Students at an elementary school in Seoul enjoy free lunches yesterday. As the free lunch program gets expanded to more and more students across the nation, local governments and district offices of education are facing difficulties in securing additional funds to pay for the program. [YONHAP]

Seoul residents showed their support for free school lunches at last week’s failed referendum.

But many areas are finding it difficult to find the money for students’ lunches, and are being forced to cut back on other programs, such as improving school facilities and supporting disabled students.

According to a recent survey by an agency called ‘School Meal Network’, about 81.2 percent of elementary schools are partly offering free lunches to students and are expected to spend more money in the fall semester on the meals. But most don’t have the proper budgets.

Incheon city will give free meals to all elementary students from grade one to six starting in the fall semester. Previously, meals were provided for grades three to six.

To expand the program, Incheon will need an additional budget of 9.3 billion won ($8.6 million) for the fall semester, but it only has 5.2 billion.

The city said it will draw up a revised supplementary budget, but the chance of passing the bill in the city council is unclear due to disagreements among political parties.

Gunpo city in Gyeonggi, which started free lunches in the fifth and sixth grades last year and expanded it to all elementary school students at the beginning of 2011, will start providing lunches to preschool students below the age of five. The total education budget for Gunpo city in 2011 is 10.2 billion won, and 3.7 billion won was earmarked for meals, although that didn’t include the preschool students.

“We are considering cutting some budgets, which were supposed to be spent for other education policies, such as improving school facilities,” an official said.

The Gyeonggi Provincial Office of Education said that it has doubled budgets for free meals this year while it reduced 97 percent of the money that was earmarked to help disabled students, children of multiethnic families, and several other educational projects.

“We are about to stop several educational projects because of the free meal policy, which is squeezing the budgets,” said Kim Dong-seok, spokesmen of the Korean Federation of Teachers’ Associations.

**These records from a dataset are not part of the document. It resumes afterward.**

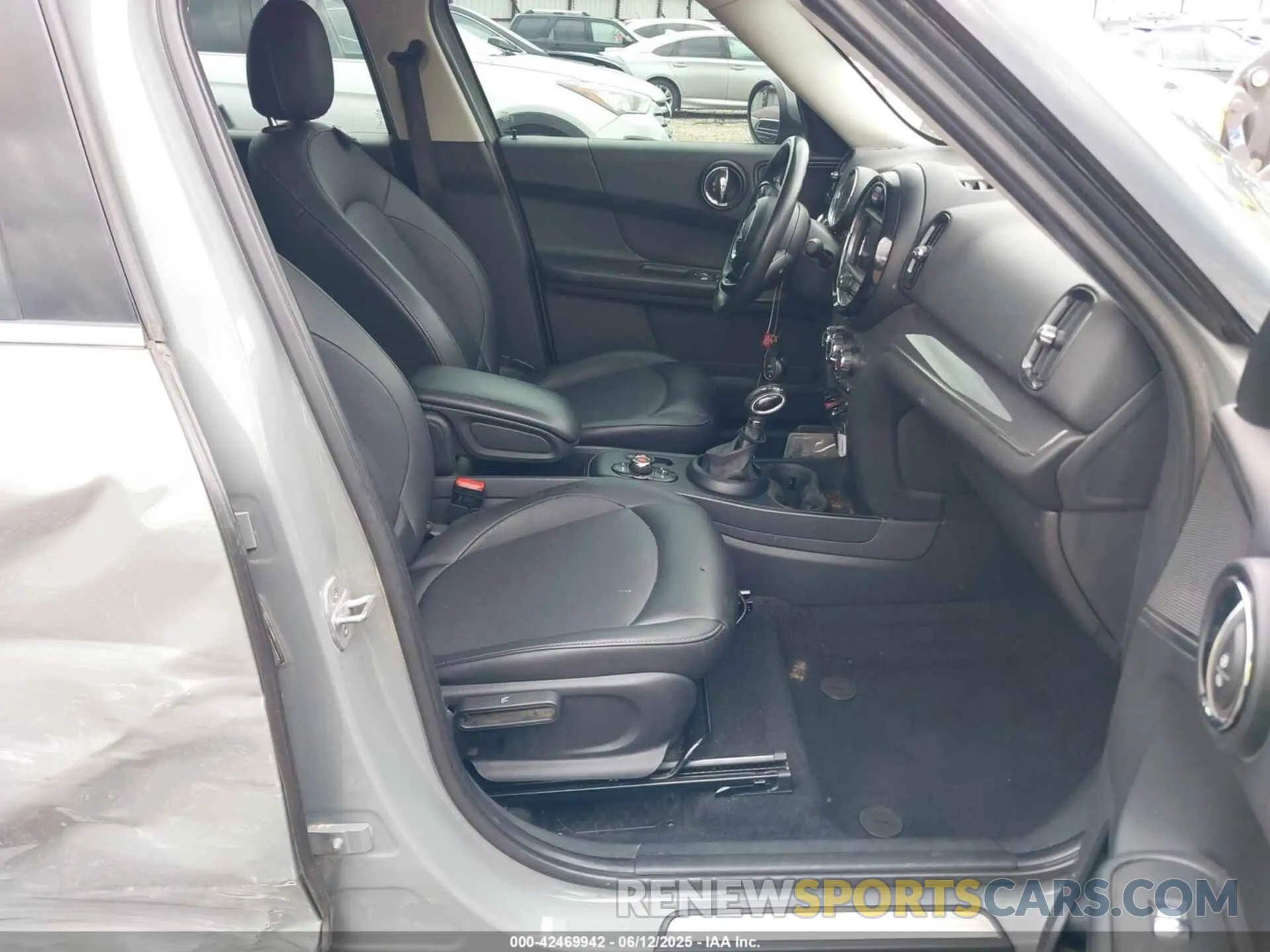 5 Photograph of a damaged car WMZYS7C52K3F45392 MINI COUNTRYMAN 2019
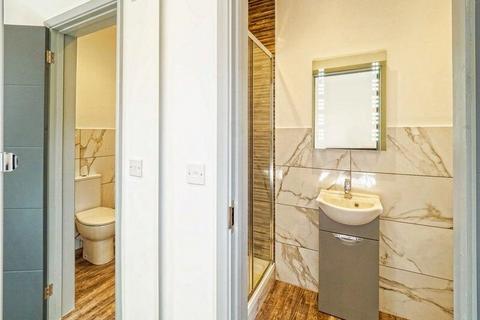 1 bedroom flat to rent, Market St, Watford WD18
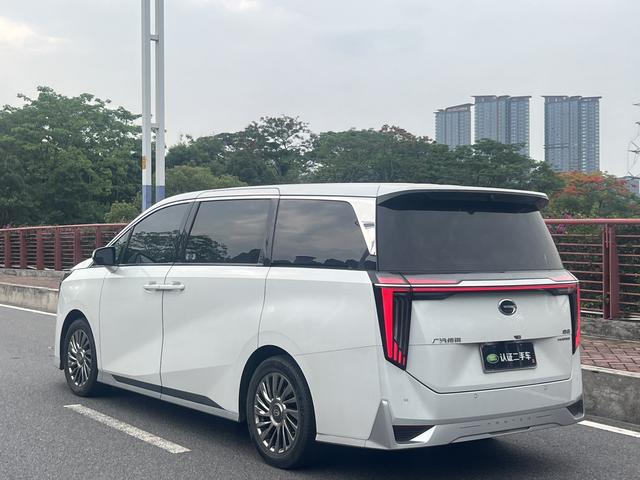 GAC Trumpchi Trumpchi M8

In addition, worries about the quality of the meals at schools are growing as food prices continue to rise. Elementary schools in Cheongju, North Chungcheong, are considering purchasing cheaper ingredients for side dishes, such as seaweed instead of kimchi.

“It’s hard to make out meal plans because prices of vegetables, including cabbages and radishes, which are the main ingredients in kimchi, have increased,” a nutritionist in an elementary school said.

“We expect the prices to go up even more when Chuseok, Korea’s harvest festival, comes around.” The fixed budget per meal for each student is about 2,000 won for schools in Cheongju.